_EXERCISE DIRECTIONS_
Please output the listing exactly as it stands, but omit any images.

_GIVEN INFORMATION_
——————

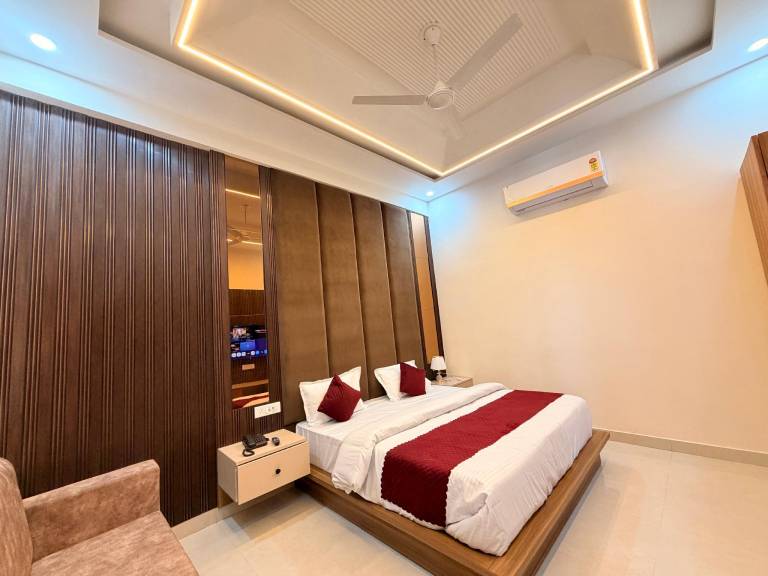 Oasis hotel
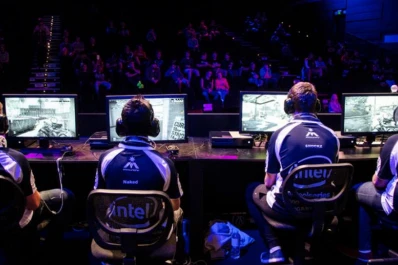 Gamers, pasan 1.100 horas al año jugando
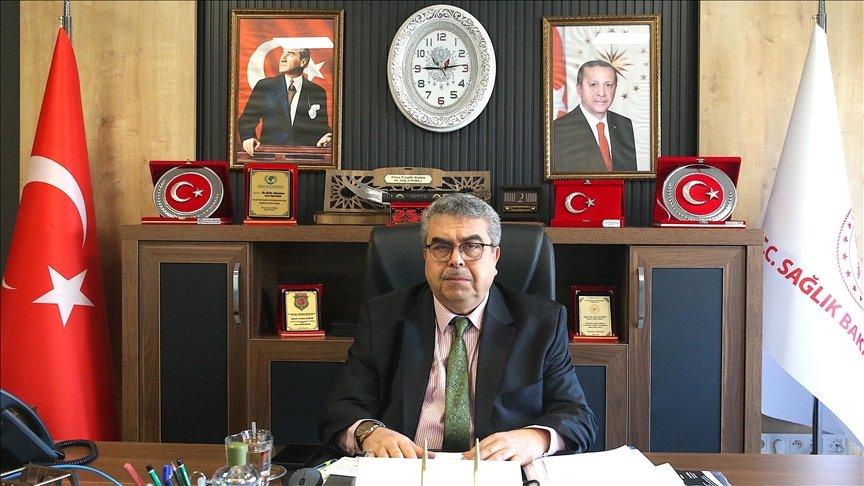 Depremde 3 çocuğunu kaybeden Hatay İl Sağlık Müdürü Sönmez, evlat acısını çalışarak hafifletiyor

——————

_RESULT OF THE EXERCISE_
 Oasis hotel
 Gamers, pasan 1.100 horas al año jugando
 Depremde 3 çocuğunu kaybeden Hatay İl Sağlık Müdürü Sönmez, evlat acısını çalışarak hafifletiyor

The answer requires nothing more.